Overall, key interest rates were relatively unchanged internationally, although not without some intra-quarter volatility, as inflation fears and uncertainties about Omicron both impacted sentiment at times.
+8.1% (hedged to NZD)
International developed share markets generally enjoyed a strong final quarter of the year.
In the USA, the flagship S&P 500 Index (total returns in USD) shrugged off an indifferent month in November and delivered an impressive +11.0% for the quarter. By year-end, investors were seemingly less concerned about the rising spread of Omicron or the potential speed of the Federal Reserve asset tapering. Instead, investors took their cues from robust corporate earnings reports and a generally stable/positive economic outlook. The technology sector was one of the strongest performers over the quarter, with chipmakers especially strong. Real estate companies also performed well, as investors expect e-commerce growth to drive further demand for industrial warehousing.
European markets followed a similar pattern. While many countries introduced restrictions on sectors such as travel and hospitality to try and reduce the spread of the new variant, the equity markets drew support from early data indicating a lower risk of severe illness. Utilities and IT companies were amongst the top performers for the quarter, along with a rebounding luxury goods sector.
The UK market also performed well, with the MSCI UK Index gaining +5.2%. This was once again slightly below the average return for the region, with the MSCI Europe ex UK Index returning +7.0%. Several defensive areas in the UK outperformed, including some of the large internationally diversified consumer staples groups. However, domestically focused areas such as UK consumer-facing retailers and housebuilders were volatile as speculation about changes in UK base interest rates picked up, and the share prices of travel and leisure companies were buffeted by the latest Omicron related restrictions.

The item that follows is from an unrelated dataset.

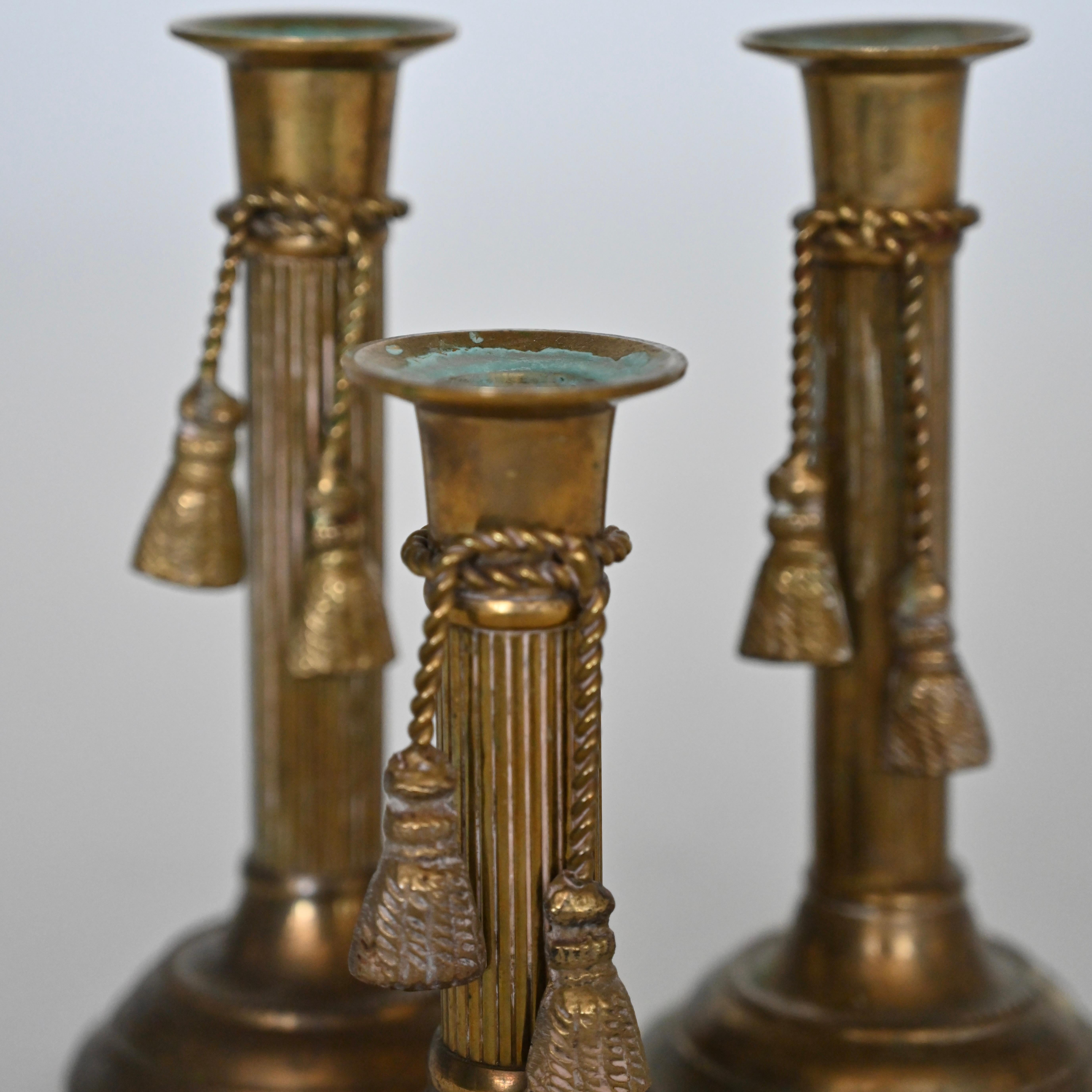 Mid-Century Modern Set of three brass candlesticks with tassel detail, mid 20th century. For Sale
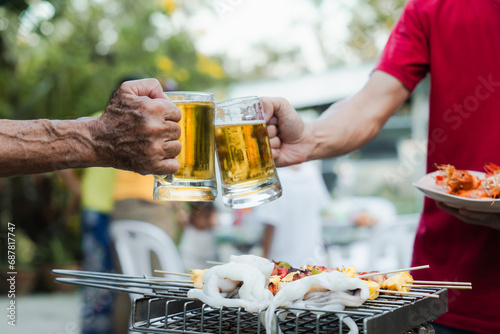 Outdoor barbecue with various meats on grill, two people holding plates and drinks, smoke rising, festive and casual atmosphere. holding glass of beer. family party. photo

Despite an increasingly positive outlook, Japan trailed all the major markets for the quarter, with the MSCI Japan Index declining by -0.9%. Japan’s general election was held in October (where the ruling Liberal Democratic Party was returned with a solid majority), and there was some initial uncertainty over the new Covid variant. This may have temporarily obscured the improving economic news. In particular, the rebound strength in industrial production as automobile output began to recover from the temporary weakness caused by the global semiconductor shortage. While the Japanese share market regained some ground in December, it was too little too late to salvage a positive quarter.
In New Zealand dollar terms, the MSCI World ex-Australia Index delivered a quarterly return of +8.1% on a hedged basis and +8.7% unhedged. The rolling 12 month return for the New Zealand dollar hedged index was +24.3%, while the unhedged index gained +28.3%.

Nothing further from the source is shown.